◆ What is needed
What's wanted here is the full listing below, repeated exactly, with no images in it.

◆ Input data
+ + + + +

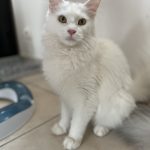 Snow des Birmacoon Mon Chat  Maine Coon Femelle - Garde d'animaux à domicile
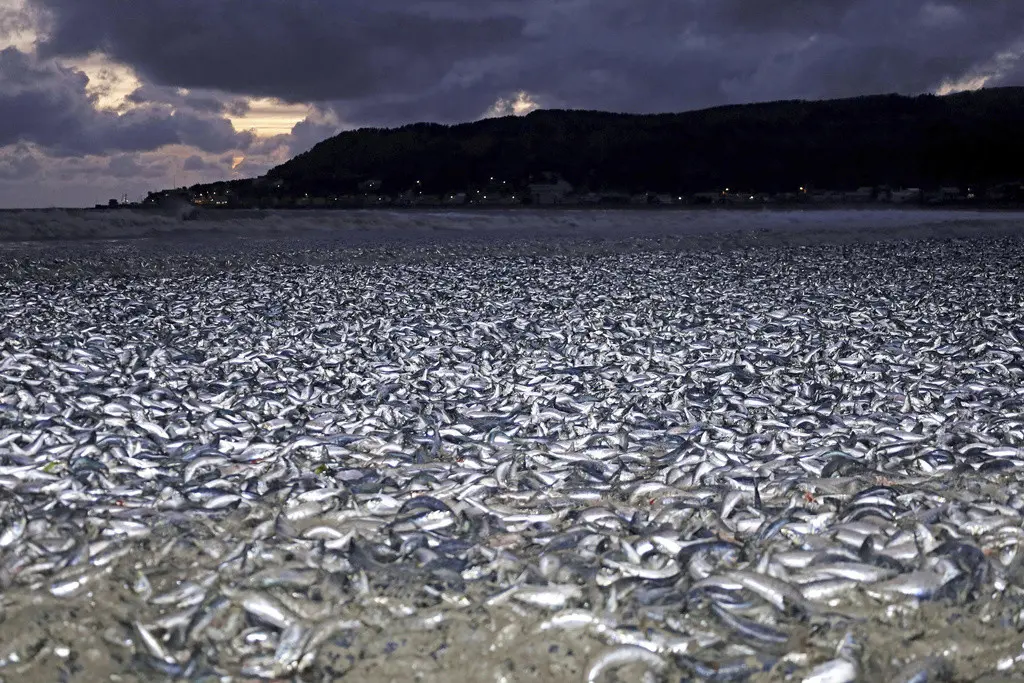 Sardinas y macarela saturan una playa en Hakodate, en Hokkaido, en el norte de Japón el jueves 7 de diciembre de 2023. (Kyodo News vía AP)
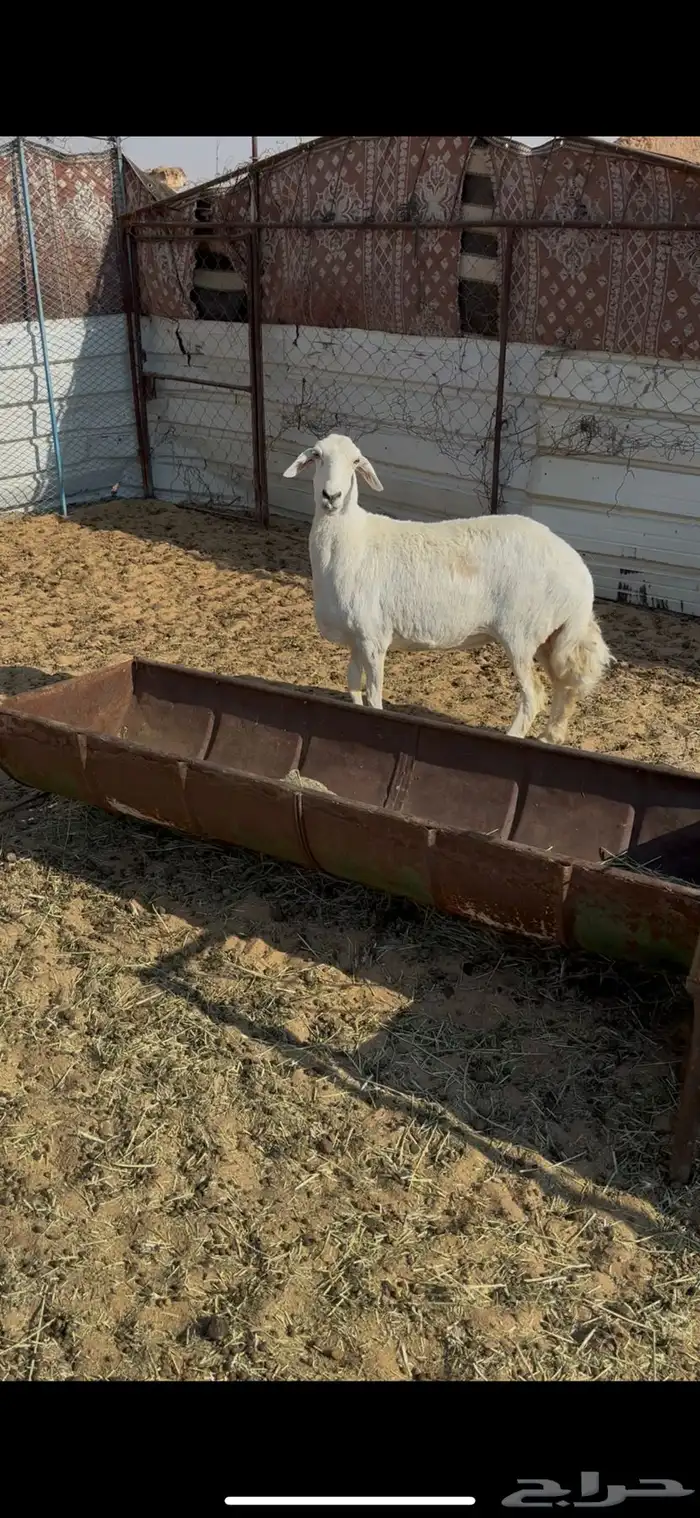 نعجه حرشاء وحايل 0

+ + + + +

◆ Result of the exercise
 Snow des Birmacoon Mon Chat  Maine Coon Femelle - Garde d'animaux à domicile
 Sardinas y macarela saturan una playa en Hakodate, en Hokkaido, en el norte de Japón el jueves 7 de diciembre de 2023. (Kyodo News vía AP)
 نعجه حرشاء وحايل 0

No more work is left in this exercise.